Jacksonville, Florida, August

Ich war nie die Art Mensch gewesen, der es liebte sich unter die Leute zu mischen. Als meine Freunde 16 wurden und begannen auf Parties zu gehen und einen Freund nach dem anderen die große Liebe ihres Lebens nannten, stellte ich Pläne auf. Schulabschluss, Journalismusstudium, Redakteurin der New York Times, Bestsellerautorin.
Ich war nie die Art Mädchen gewesen, die heiraten und eine Familie gründen wollte. Als wir älter wurden planten meine Freunde ihre Traumhochzeit während ich meine Rede für den Literaturnobelpreis schrieb.
Für mich gab es nur eins. Erfolg. Ganz egal wie, oder was ich dafür tun musste, ich wollte dieser Welt meinen Stempel aufdrücken und mich unsterblich machen.
Eines Tages würden meine Freunde sagen können: „Olivia Martens? Ich hatte damals die Ehre mit ihr zur Schule gehen zu dürfen! Sie ist der Inbegriff der selbstbewussten, modernen Frau und eine wahre Schriftstellerikone!"
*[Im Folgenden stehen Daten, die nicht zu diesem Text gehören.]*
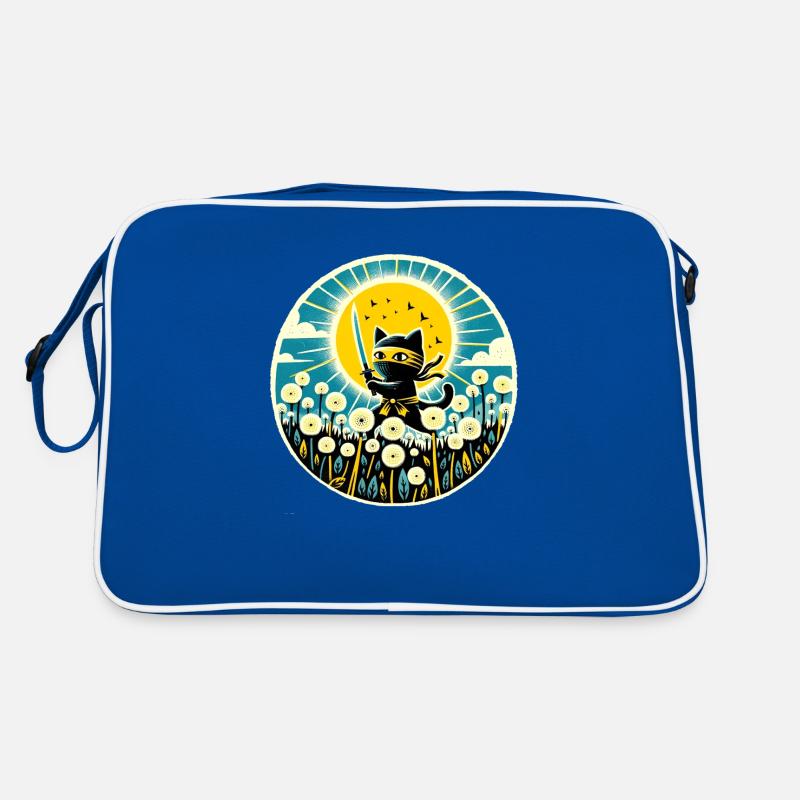 Löwenzahn Ninja Katze - Retro Tasche - Blau/Weiß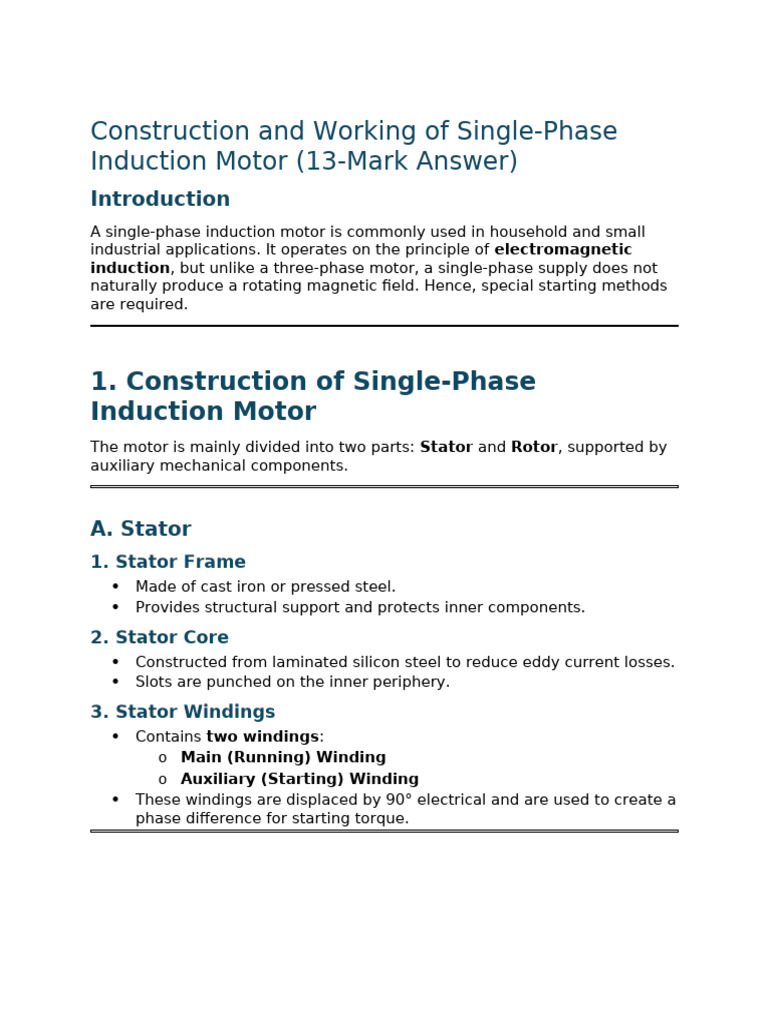 Single-Phase Induction Motor Overview | PDF | Electric Motor ...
Ein lautes Knallen ließ mich zusammenzucken. Mein Kinn, das bis eben noch auf meinem aufgestützen Arm geruht hatte, rutschte von meiner Handfläche und wäre schnurstracks auf die Tischplatte zugesaust, hätte ich mich nicht noch im richtigen Moment gefangen, aufgerichtet und den Rücken durchgestreckt.
„Bringen Sie Jonah rasch den Entwurf für das Cover der Septemberausgabe ins Büro. Ich muss noch einmal in die Schreibabteilung, weil irgendein Vollidiot den Artikel über diese junge Nachwuchsdesignerin völlig durcheinander geschmissen hat."
Schwungvoll hatte Ashlyn die Mappe, mit allen Entwürfen für die Septemberausgabe des Klatschmagazins, auf meinen eh schon mit Dokumenten überfüllten Schreibtisch fallen gelassen und tippte nun penetrant mit dem langen, rot lackierten Nagel ihres Zeigefingers auf der Mappe herum.
Und bevor ich auch nur die Chance hatte, ihr zu antworten, drehte sich die großgewachsene Frau mit den blondgefärbten Haaren um und stolzierte dann mit nervigem Geklacker auf den hohen Hacken ihrer gefälschten Louboutins davon. Kurz sah ich ihr noch mit hochgezogener Augenbraue nach, dann schnappte ich mir seufzend die Mappe und machte mich auf meinen Weg durch das recht kleine Redaktionsgebäude.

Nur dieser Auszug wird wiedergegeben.